[INPUT DATA — start]

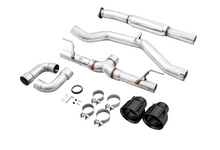 Load image into Gallery viewer, AWE Track Edition Exhaust - Diamond Black Tips - 2022+ GR86/BRZ
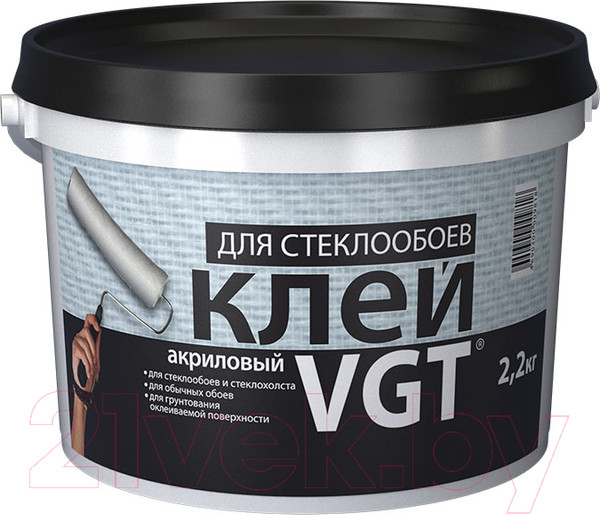 Изображение товара Клей для обоев VGT Для стеклообоев (2.2кг)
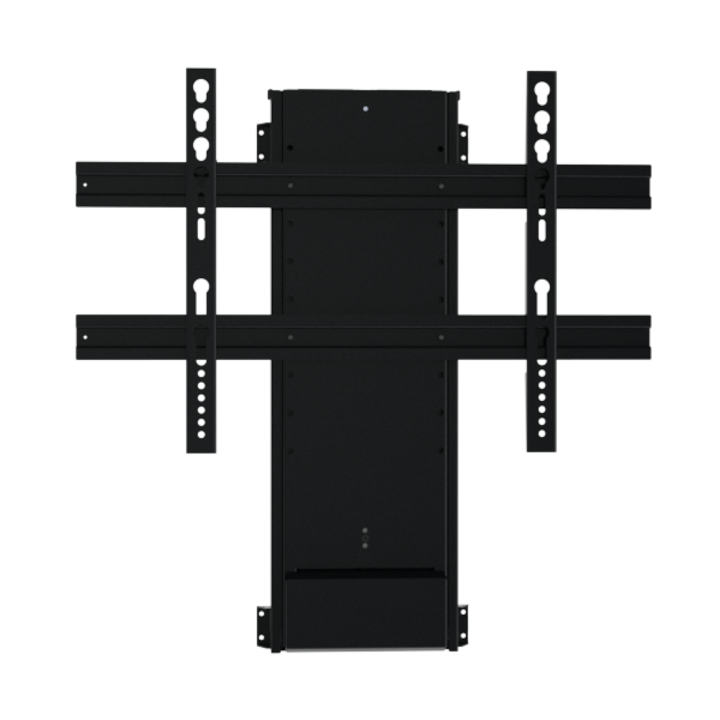 Електрическа опора TV LIFT Venset TS1000A, диагонал до 65 инча, електрически регулируема височина, максимално поддържано тегло 100 кг, метал, черен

[INPUT DATA — finish]

Starting at the line that contains "Изображение товара Клей", extract each line through the last line of the material exactly as written, and include no pictures.

 Изображение товара Клей для обоев VGT Для стеклообоев (2.2кг)
 Електрическа опора TV LIFT Venset TS1000A, диагонал до 65 инча, електрически регулируема височина, максимално поддържано тегло 100 кг, метал, черен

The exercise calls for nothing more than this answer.